▸ Your instructions
Repeat exactly what runs from the line containing "in Bangkok Buy" through the last line of the material below. Do not copy the pictures.

▸ Dataset extract
····················

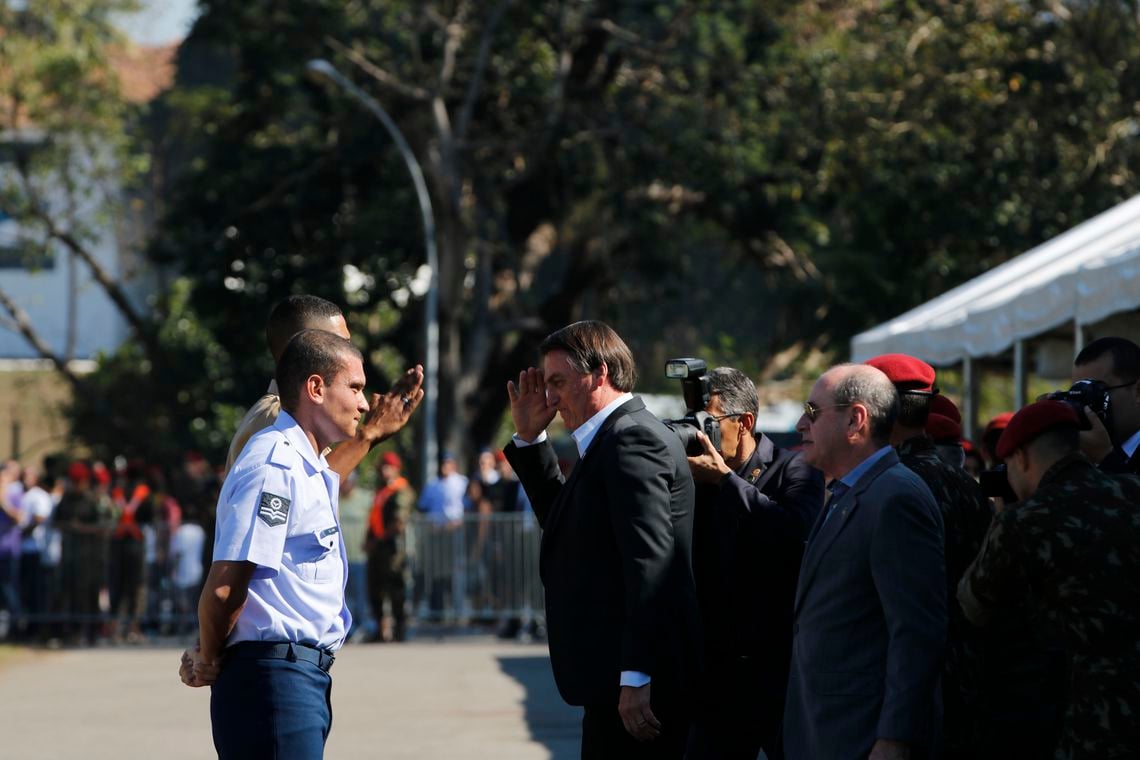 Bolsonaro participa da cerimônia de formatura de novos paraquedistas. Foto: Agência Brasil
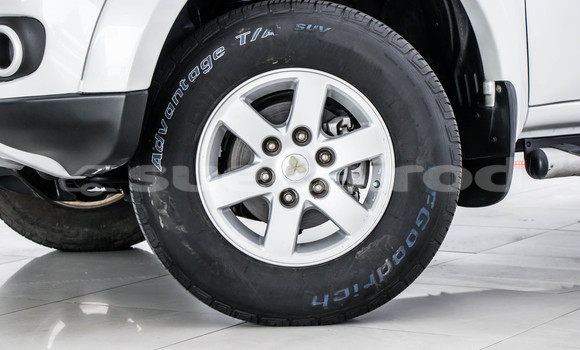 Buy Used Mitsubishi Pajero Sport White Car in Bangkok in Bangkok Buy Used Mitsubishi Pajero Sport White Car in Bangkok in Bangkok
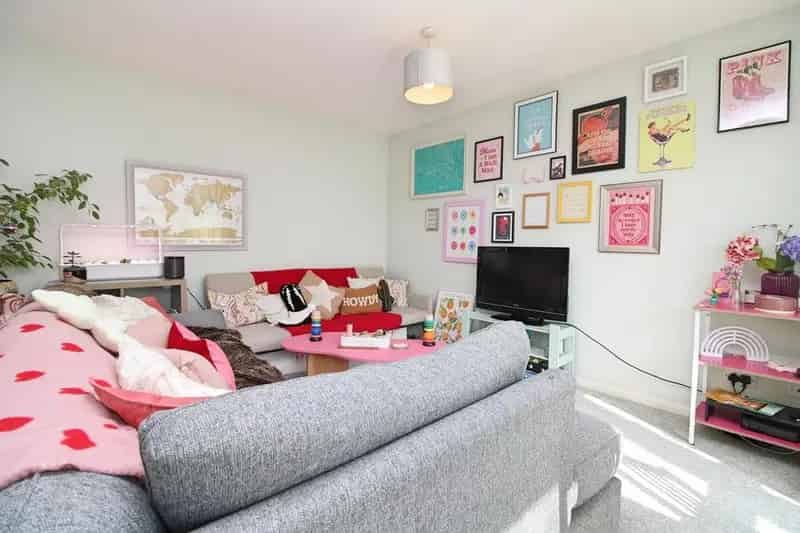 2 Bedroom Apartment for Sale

····················

▸ Solution to this problem
 Buy Used Mitsubishi Pajero Sport White Car in Bangkok in Bangkok Buy Used Mitsubishi Pajero Sport White Car in Bangkok in Bangkok
 2 Bedroom Apartment for Sale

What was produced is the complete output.